Pictures with short captions
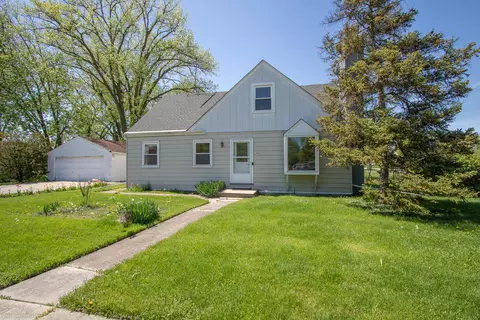 902 Medinah St, Bensenville, IL 60106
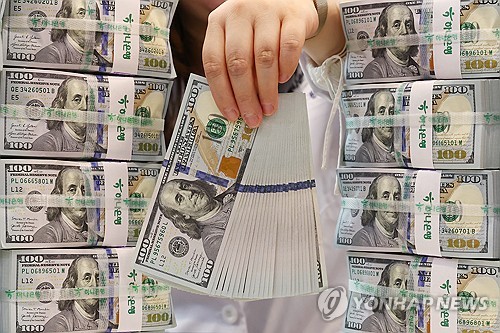 달러-원 1,526.50원 마감, 국민연금 환헤지 재개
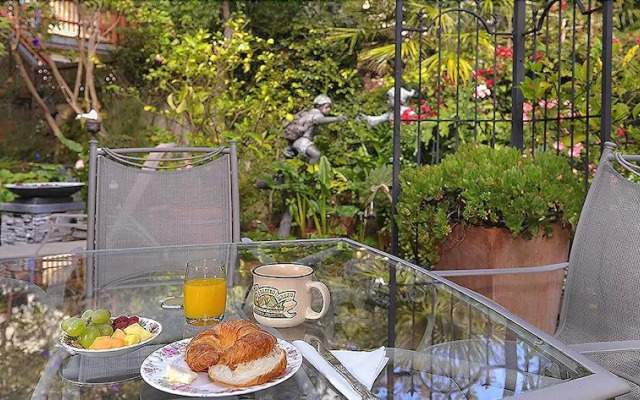 Noe's Nest Bed and Breakfast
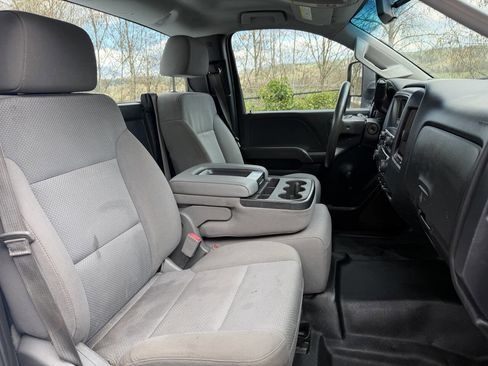 Used 2015 Chevrolet Silverado 2500 W/T image 14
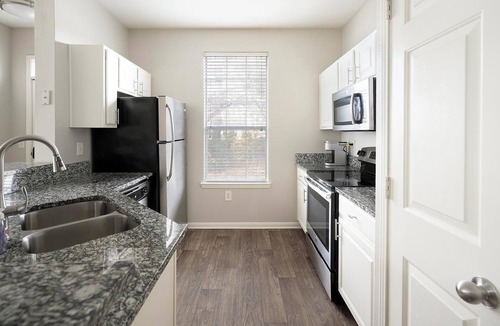 Murfreesboro Apartment | Landing | Incredible 1BD, Gym, Clubhouse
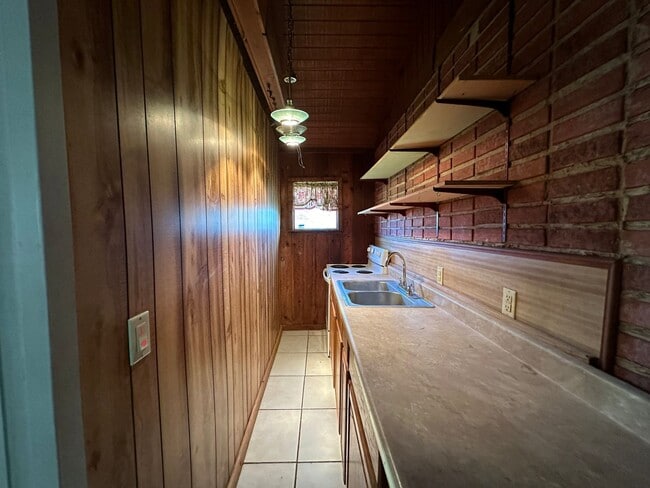 Building Photo - Charming 1 Bed 1 Bath House in Fort Smith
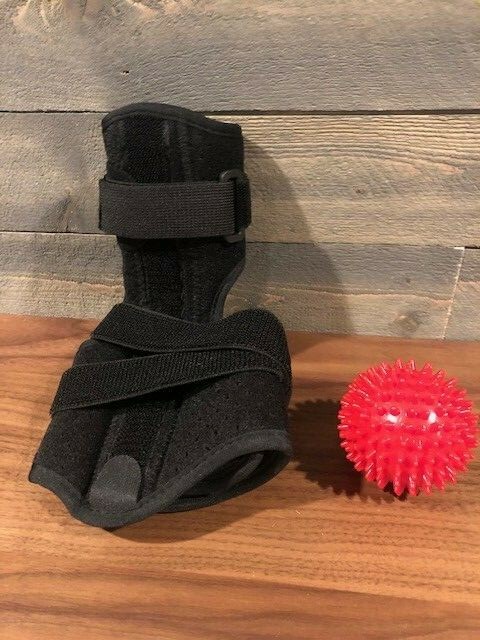 Plantar Fasciitis Dorsal Night Splint with Spiky Massage Ball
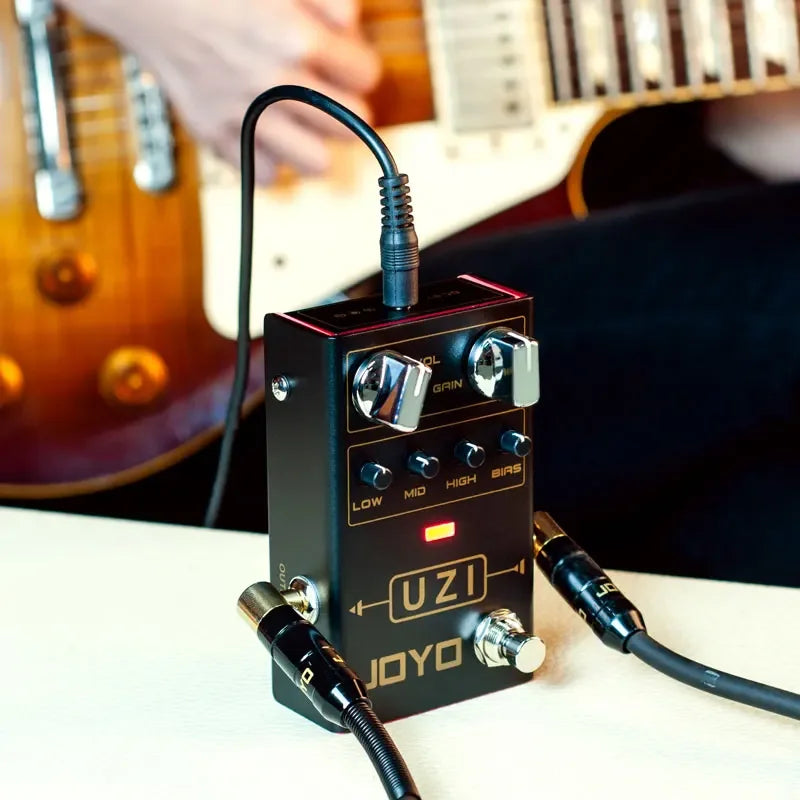 Distortion Effects Pedal for Electric Guitar with True Bypass and Heavy Metal Sound Processing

→ Task directions:
Lines from the one holding "달러-원 1,526.50원 마감, 국민연금 환헤지 재개" down to the last line of the entries above must be retyped exactly, inclusive of both, with no pictures and nothing else.

→ Answer section:
 달러-원 1,526.50원 마감, 국민연금 환헤지 재개
 Noe's Nest Bed and Breakfast
 Used 2015 Chevrolet Silverado 2500 W/T image 14
 Murfreesboro Apartment | Landing | Incredible 1BD, Gym, Clubhouse
 Building Photo - Charming 1 Bed 1 Bath House in Fort Smith
 Plantar Fasciitis Dorsal Night Splint with Spiky Massage Ball
 Distortion Effects Pedal for Electric Guitar with True Bypass and Heavy Metal Sound Processing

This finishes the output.